Jonathan Kantor provides a list of white papers each Friday in his blog, The White Paper Pundit. This is a somewhat random sampling of white papers; Jonathan describes the list as a list of white papers posted on Twitter that week that do not require registration.
The papers posted for the week of June 22 are quite diverse: they come from various industries (including the government), are different lengths, and range from recent to a couple of years old. They are not B2B white papers, but it's still an interesting exercise.
So what did I find? Out of the 40 paper included in the list, only 12 included a call to action.
Let me pause for a quick explanation of what I'm defining as a call to action: I included anything in the white paper text where you are directed to go for more information.

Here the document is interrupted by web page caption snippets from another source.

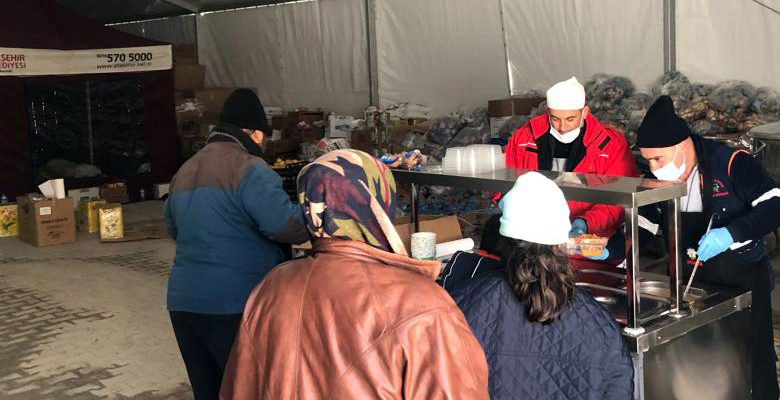 Deprem bölgesinde yaraların sarılması için bütün imkânlarını seferber eden Ataşehir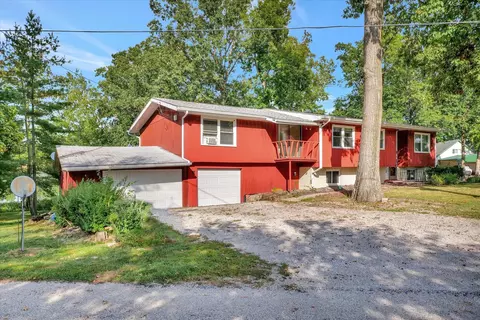 30142 Beach View Dr, Girard, IL 62640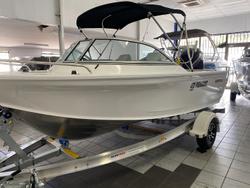 2025 QUINTREX 450 Fishabout Pro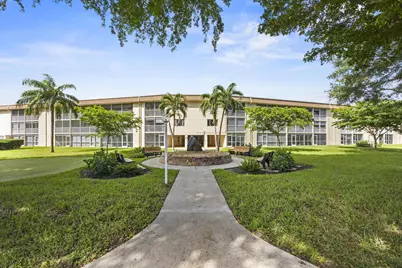 200 Village Green Circle E #202, Lake Worth Beach, FL 33461 - Photo 24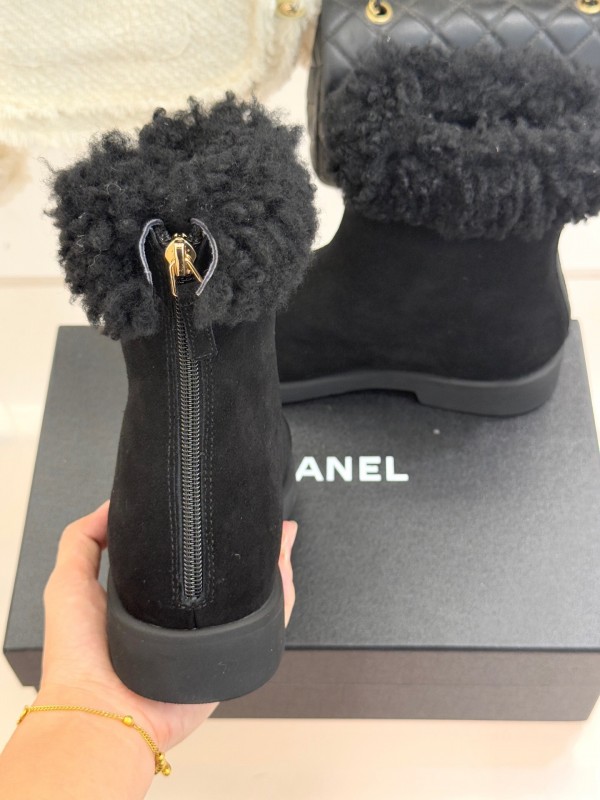 Chanel 25K Series Two-Tone CC Fur Snow Boots - KFY00300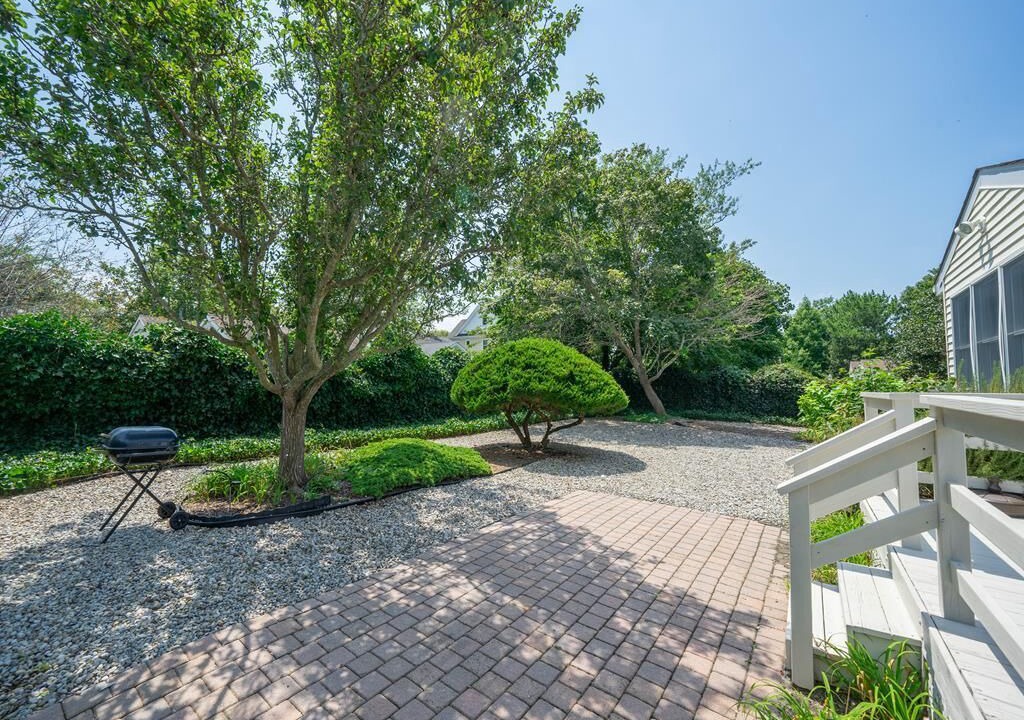 Photo of Outdoor in Village Green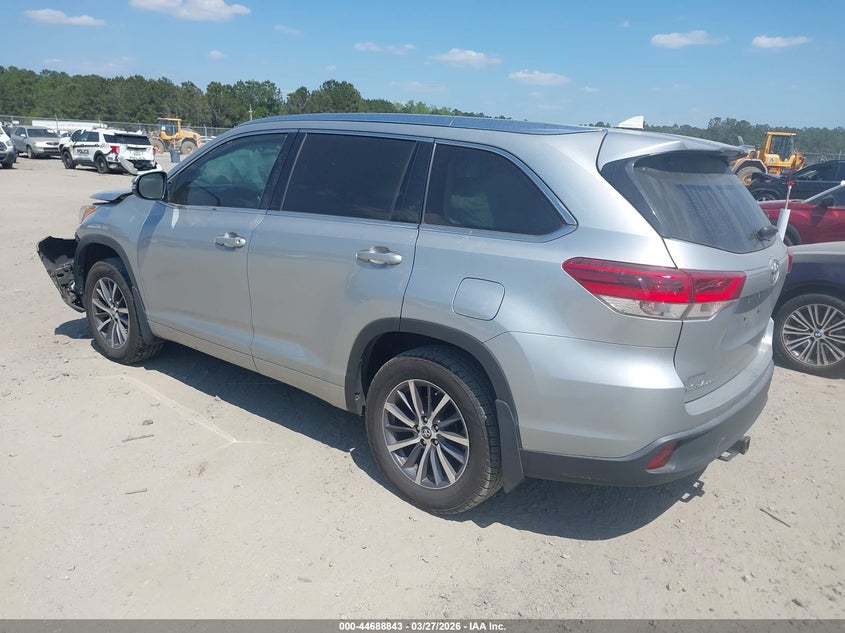 Vin: 5tdjzrfh0js841973, lot: 45185958, toyota highlander xle 20183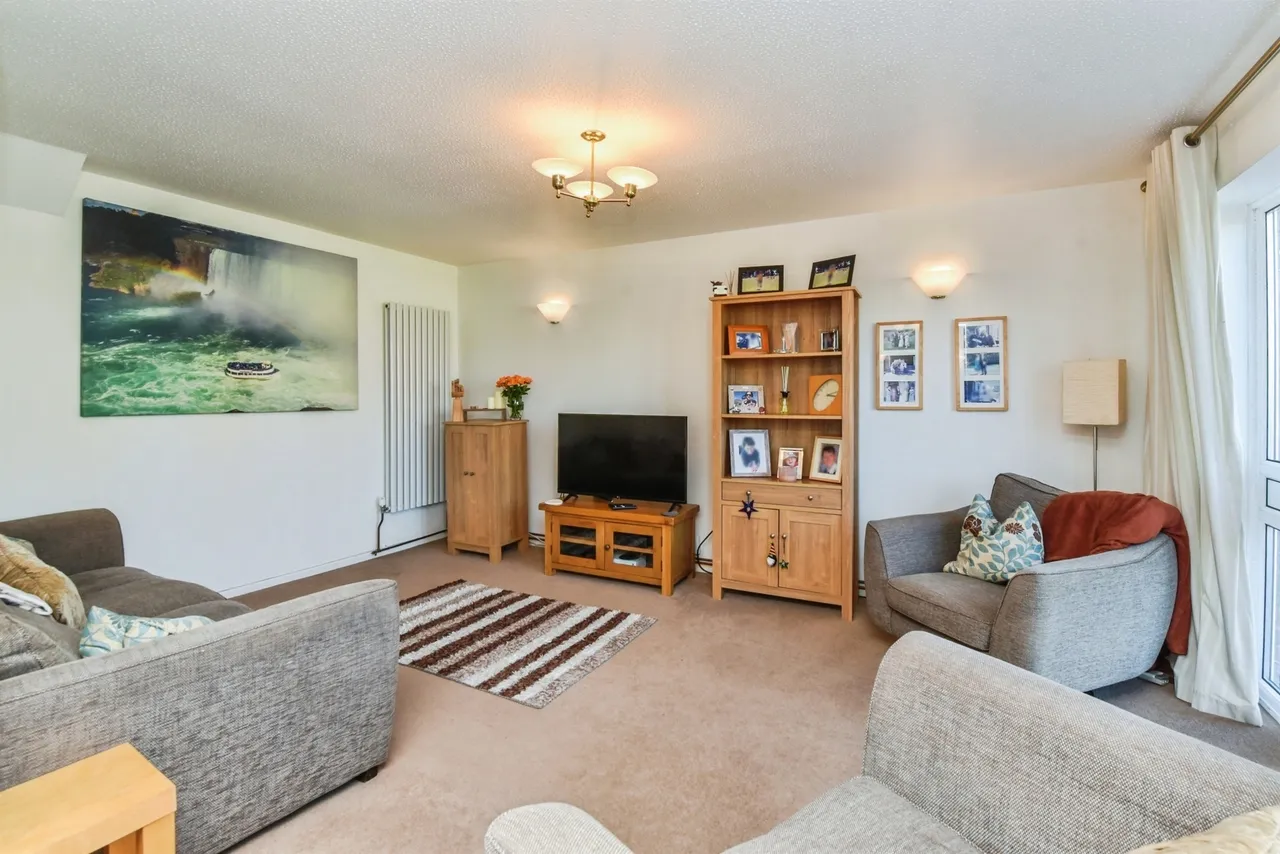 Nightingale Avenue, FROME, photo 6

Nine papers had an "About Us" section that included at least a website, but this did not qualify as these sections are boilerplate and not specific to the paper.
The calls to action were all over the board. As you might expect, there were a lot of phone numbers, email addresses and links to home pages of websites. There were also some other things that I thought worked well:
- Twitter IDs (only included in one white paper)
- Facebook website URL
- Specific web pages / resource pages
Is a call to action really important?
Is really that bad that only 30% of the white papers had a call to action? Yes! A recent study from InformationWeek found that most white paper readers (75.8%) go to a search engine to look for more information once finishing a white paper. By including a call to action, you increase the chance your reader will look at information that will help them learn more about your company instead of having them go to Google and stumbling across your competition.

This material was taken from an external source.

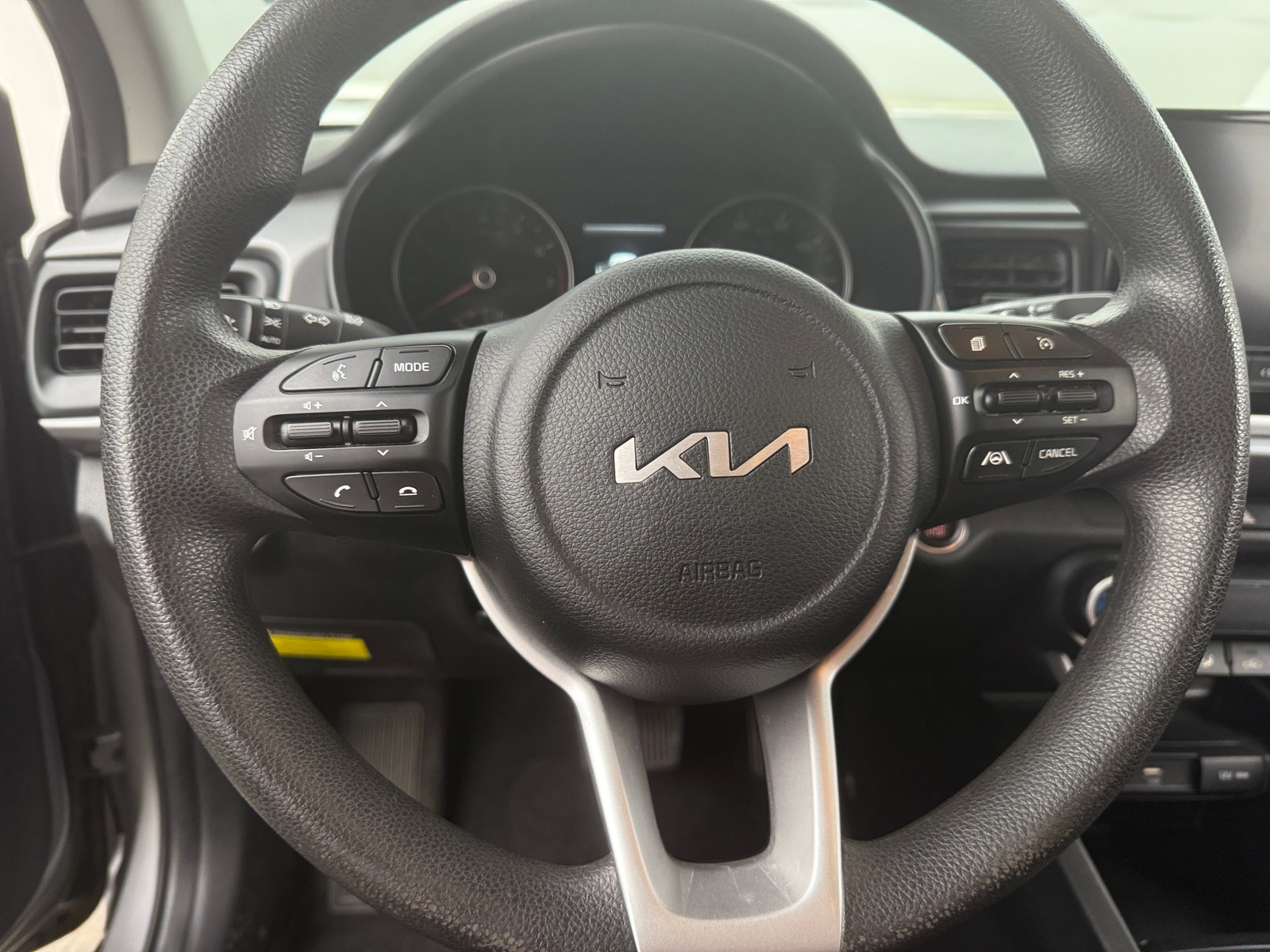 Thumbnail: 2023 Kia Rio - 5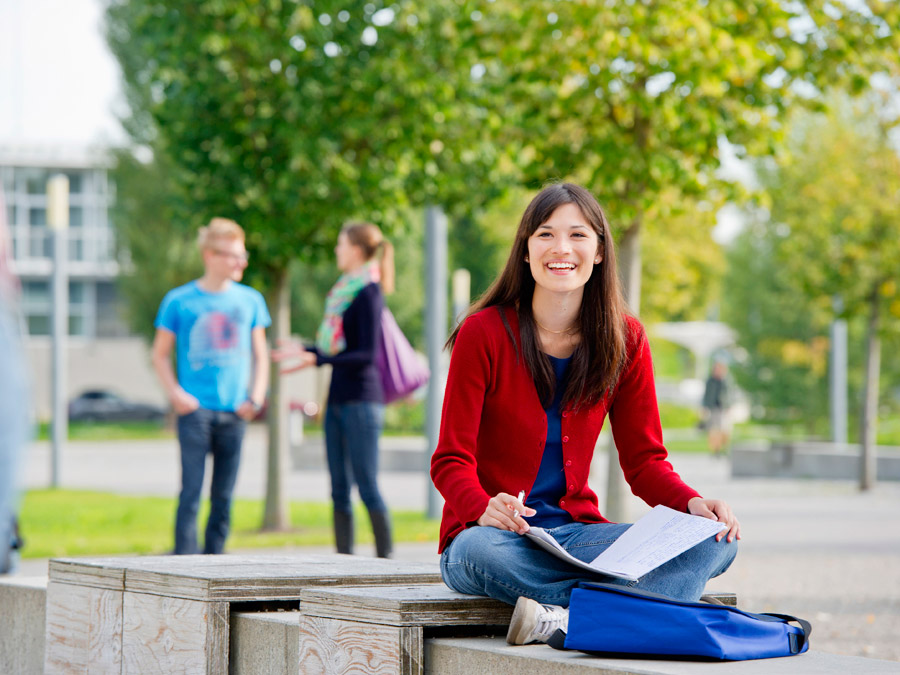 Studentin auf dem TUM-Campus (Bild: A. Heddergott / TUM)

Not only is it a good practice, but consider these two scenarios:
- If you are using a more sophisticated marketing automation system to track white paper leads, you want to be able to see which readers raise their hand for more info from you so you know who to prioritize.

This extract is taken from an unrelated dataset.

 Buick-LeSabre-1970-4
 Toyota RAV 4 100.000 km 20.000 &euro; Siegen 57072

- If you do not require registration for your white paper, you need to make you call to action very explicit so your reader knows what step to take because you won't be able to contact them to continue the conversation (becasue you won't know who they are).
What makes a good call to action?
As mentioned, a lot of calls to action that I saw were links to the home page, emails and phone numbers, none of which I consider to be especially effective. To be more relevant, consider two things: who your white paper is targeting and where it is meant to be used in the buying cycle.
Targets a specific reader
I like the generic buying roles that Steve Woods outlines in his blog, Digital Body Language: Economic buyer/decision maker, technical evaluator, user buyer and influencer/coach.
It's imperative to understand which of these individuals your white paper is targeting as your call to action will be different for each. Think about it:
- Economic buyers: This group needs to be able to justify the expense. Calls to action for this group may be things like viewing an ROI calculator or reading a case study of how someone saved money with your solution.
- Technical evaluators: This group aims to understand the technical feasibility of your solution. They want things like product specs and technical case studies.
- User buyer: This is the group that will be using the product, so they respond well to things such as demos and trials.
- Influencer/coach: These individuals are internal champions for your solution. They often forward your information, an implicit call to action should be for them to forward this white paper; make your white papers easy to share. Appropriate calls to action for this group will vary based on who they are trying to influence.
Moves reader through the buying cycle
If a reader is earlier in the buying cycle, you want to provide additional content that educates them on the general solution, perhaps another white paper, webcast or case study written to move them along the path. I love the idea of microsites and resource pages as well.
Prospects who are more advanced want to be able to dig into your product or service, so it makes sense to offer things like demos, free trials and ROI calculators. Of course, white papers, webcasts and case studies can also be used later in the buying process, but the content needs to address the concerns your prospects have at that stage.
Skimming the white papers on The White Paper Pundit proved to be interesting indeed. While I was initially looking for an understanding of how common the call to action is in the white paper, a lot of other things jumped out at me as well. In the coming weeks, I'll be sharing some of my findings and some tips on how you can make your white papers stronger.
- Are You Forging a Connection or Burning a Bridge?: Stephanie Tilton provides two reasons why your white paper may not be as effective as you think.h
- To Require Registration or Not to Require Registration, That is the Question: Jamie Wallace wonders, "Is requiring registration really the best approach?"
More Savvy B2B posts from Michele.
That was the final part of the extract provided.